Tauck plans to upgrade over half its European river cruise fleet
January 26, 2016
Tauck today announced sweeping new plans to reconfigure more than half its European river cruising fleet over the next two years.
The five Jewel Class riverboats will have larger cabins, overall space per guest will be increased by 20% and the casual, second dining restaurant will be upgraded.
Tauck CEO Dan Mahar said: “From day-one our approach has always been to limit passenger capacity and, by doing so, provide a more intimate, club-like atmosphere and more spacious cabins for our guests.”
Tauck’s 110-metre Jewel Class ships include the MS Swiss Emerald, MS Swiss Sapphire, MS Swiss Jewel, MS Esprit and MS Treasures. The European riverboat fleet also includes four 135-metre Inspiration Class ships: the new MS Grace and MS Joy launching later this year, and the MS Inspire and the MS Savor.
Tauck’s two-phase plan will see its riverboats in France, the MS Swiss Emerald and MS Swiss Sapphire, reconfigured, renamed and re-launched next winter in time for the 2017 operating season. In the second phase, scheduled for winter 2017/2018, the remaining three Jewel Class ships will undergo identical transformations in time for the 2018 operating season. The new names for the refurbished ships have yet to be disclosed.
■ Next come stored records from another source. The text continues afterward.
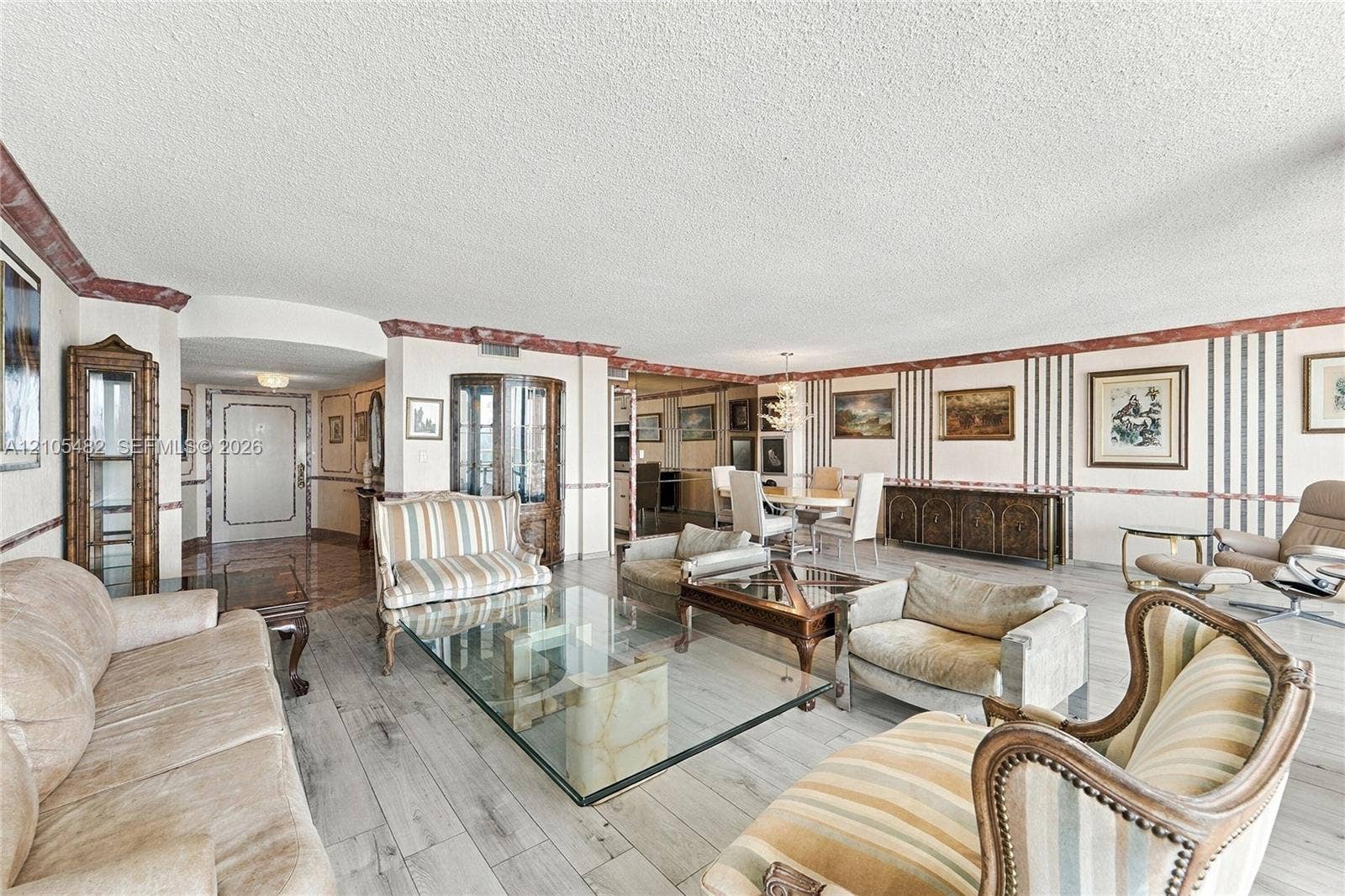 2100 S Ocean Lane, #808, Fort Lauderdale, FL 33316 Open-concept main living area featuring wood-finish flooring, decorative wall trim, built-in cabinetry, and integrated light fixtures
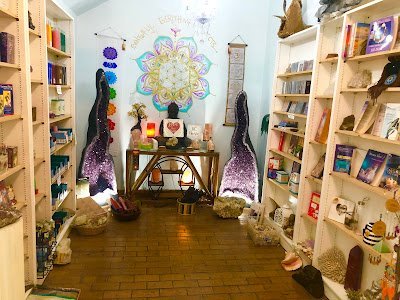 Organized crystal display with labeled stones and healing minerals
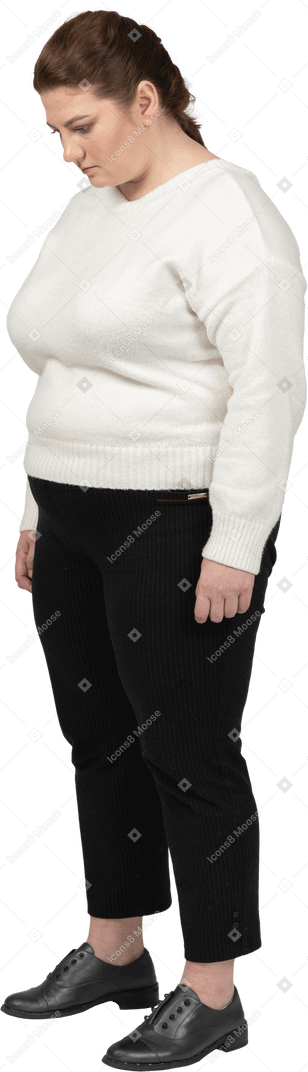 Plump woman in casual clothes standing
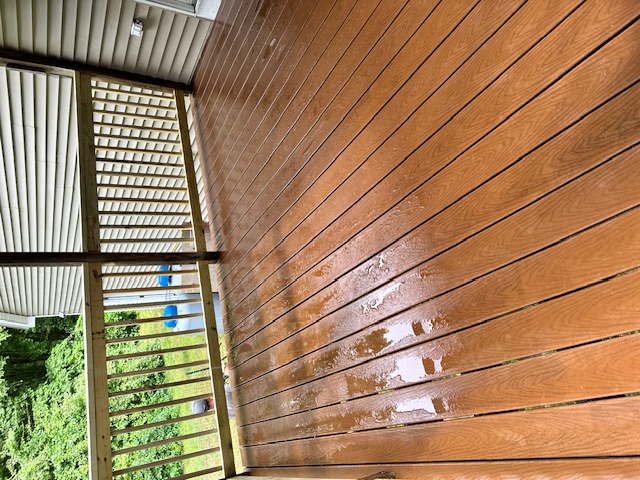 Trex deck rebuild with wooden railing in Goffstown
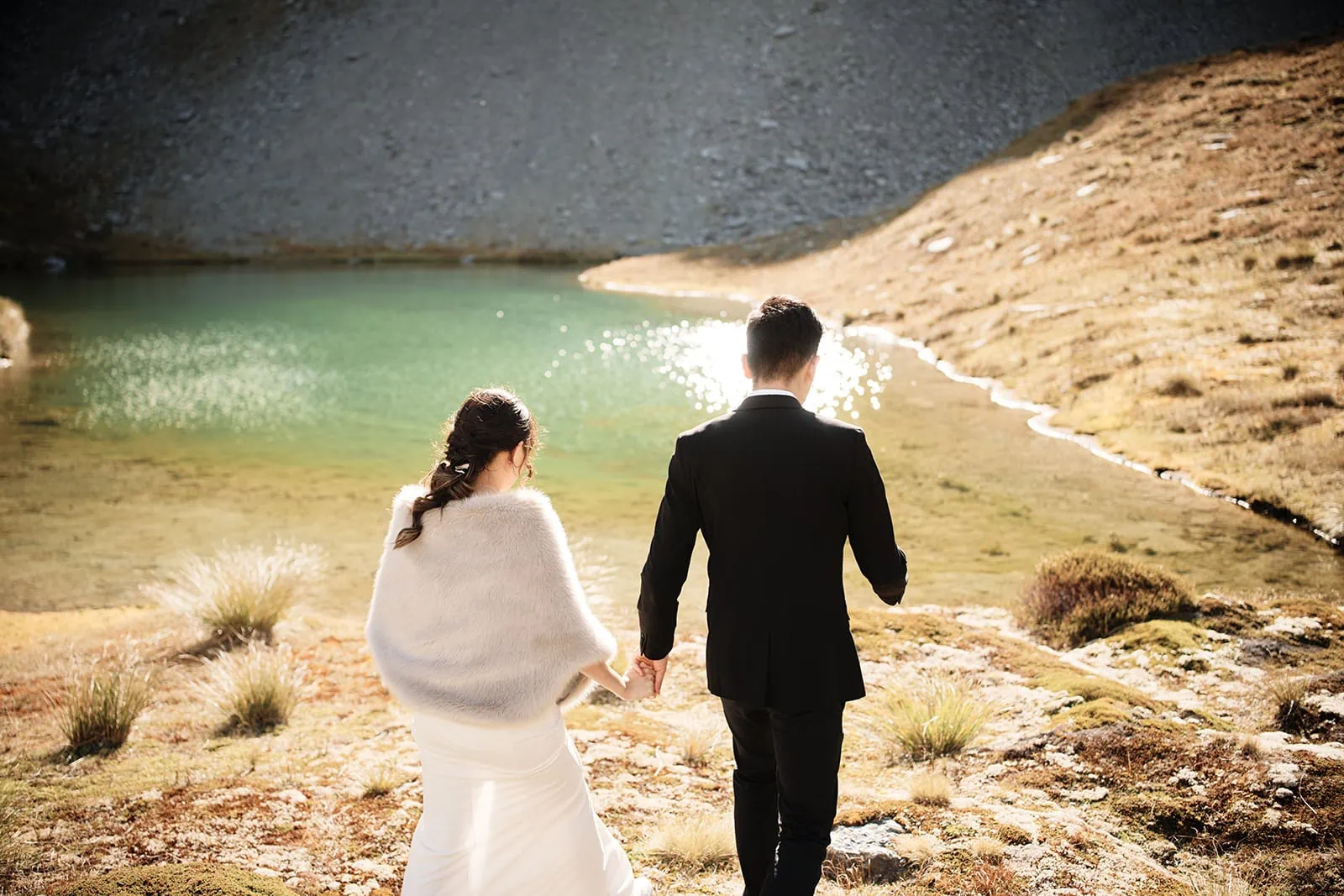 Dios & Carlyn's Queenstown Heli Pre Wedding at Cecil Peak - a couple holding hands in front of a lake.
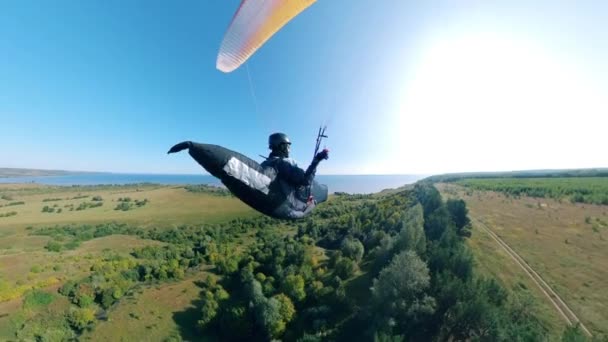 Un sportif volant avec un planeur au-dessus de champs avec des arbres . — Video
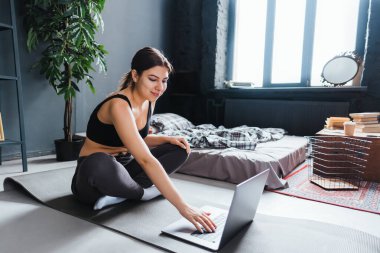 Güzel esmer fitness kadını dizüstü bilgisayarında esneme egzersizleri yapıyor, evde yoga yapıyor. Formda ve sağlıklı kalmak.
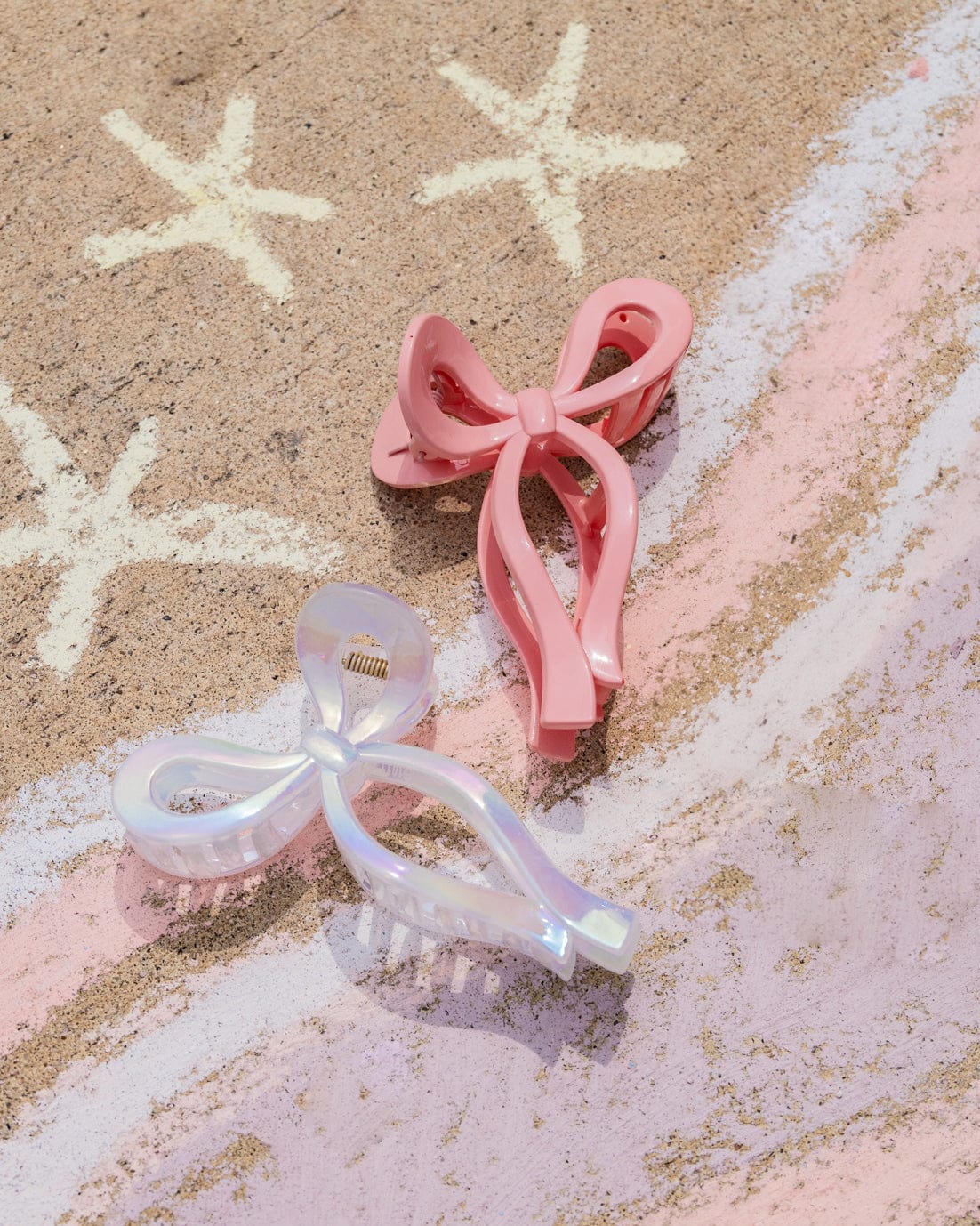 Two bow claw clips sit on top of a chalk drawing. 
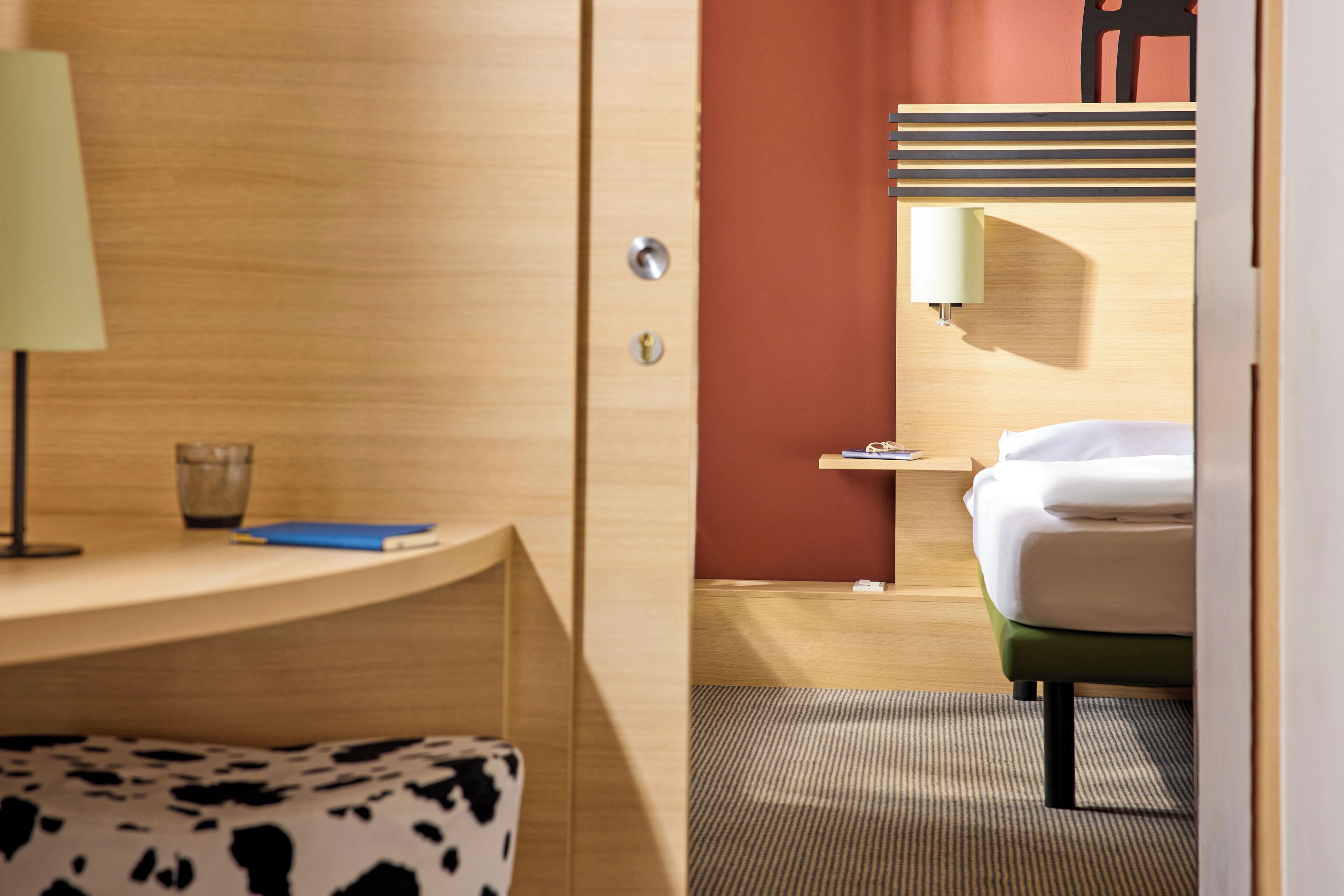 Ein Hotelzimmer mit einem Holztisch, einer Lampe, einem Glas, einem blauen Notizbuch, einem Bett mit weißer Bettwäsche und einem grünen Sessel.
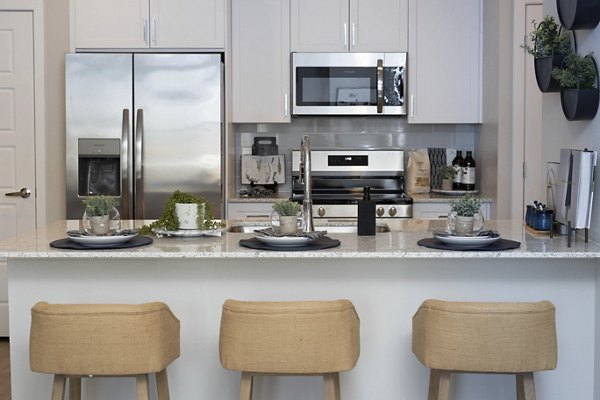 Stylish kitchen with modern appliances at Alta 99th Ave Apartments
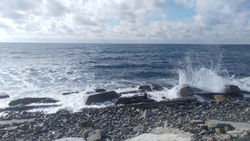 The foamy sea wave hits the rocky shore. The surf hits the concrete blocks lying on the shore and splashing. The sky above the sea is blue with clouds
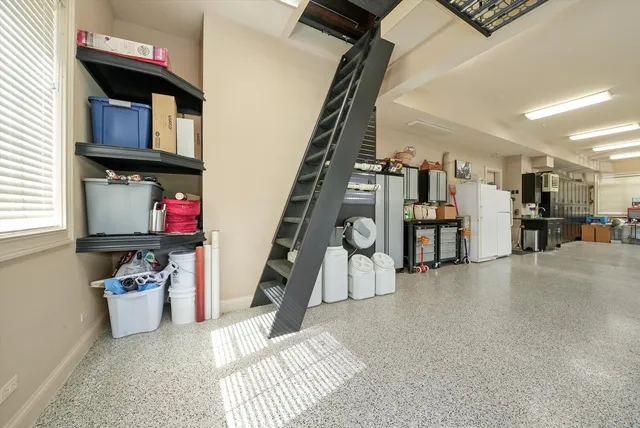 an aerial view of a house with a swimming pool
The most dramatic enhancement aboard each ship will be on the Ruby (middle) Deck, where the 30 150 sq ft cabins will be replaced with 20 cabins, each measuring 225 sq ft. This will mean that 69% of all cabins will be 225 sq ft or larger – the highest percentage on any 110-metre riverboat in Europe. Overall capacity will be reduced from 118 passengers to 98 and the total number of cabins will be reduced from 59 to 49. Tauck will continue to staff each ship with a Tauck Cruise Director and a full complement of three Tauck Tour Directors.
On the Diamond (upper) Deck of each reconfigured vessel, the ship’s second dining venue, The Bistro, will be upgraded with its own dedicated kitchen and chef. In tribute to company founder Arthur Tauck, The Bistro will be renamed Arthur’s. The expanded menu will continue to provide more casual alternatives to the fine dining selections offered in the ship’s main Compass Rose restaurant.
The Tauck Destination Fleet
Tauck also announced that it will refer to its ships collectively as the Tauck Destination Fleet, reflecting a new deployment strategy to match each ship to destinations and itineraries best suited for its specific length. For example, Tauck will position the ms Swiss Sapphire on the Seine and the ms Swiss Emerald on the Rhone/Saonne, where their 110-metre length makes docking easier in France’s smaller or more crowded ports like Paris. Similarly, on longer cruises including a transit of the Main-Danube Canal, Tauck will deploy 110-meter ships because their shorter length allows for greater efficiency and flexibility in passing through the canal’s many locks.
Mahar said: “We absolutely believe that we have the finest riverboats in Europe and, with the reconfiguration of more than half of our ships, we’re continuing to invest heavily in order to maintain our leadership position.
“Our riverboats are essentially an elegant and supremely comfortable means to an end, a way for us to deliver an incredibly enriching and memorable experience within each destination we visit. The behind-the-scenes access to exclusive cultural experiences we provide, the expertise we’ve developed leading award-winning land tours for more than 90 years, the knowledge and service delivered by our Tauck Directors and local guides… they all combine to create an unmatched land experience for our guests.”
As well as launching two new 135-metre ships in the coming months, Tauck is also introducing a new 10-day Rhine River cruise. For 2016, the company has been able to reduce its prices by up to £850 per couple based on foreign exchange savings it’s passing along to its guests. In addition, Tauck has also enhanced a number of its river cruises with memorable onshore dinners in exclusive venues, including a 14th-century castle and a former Benedictine monastery in Germany and a 275-year-old French chateau inspired by Versailles and today owned by descendants of Napoleon.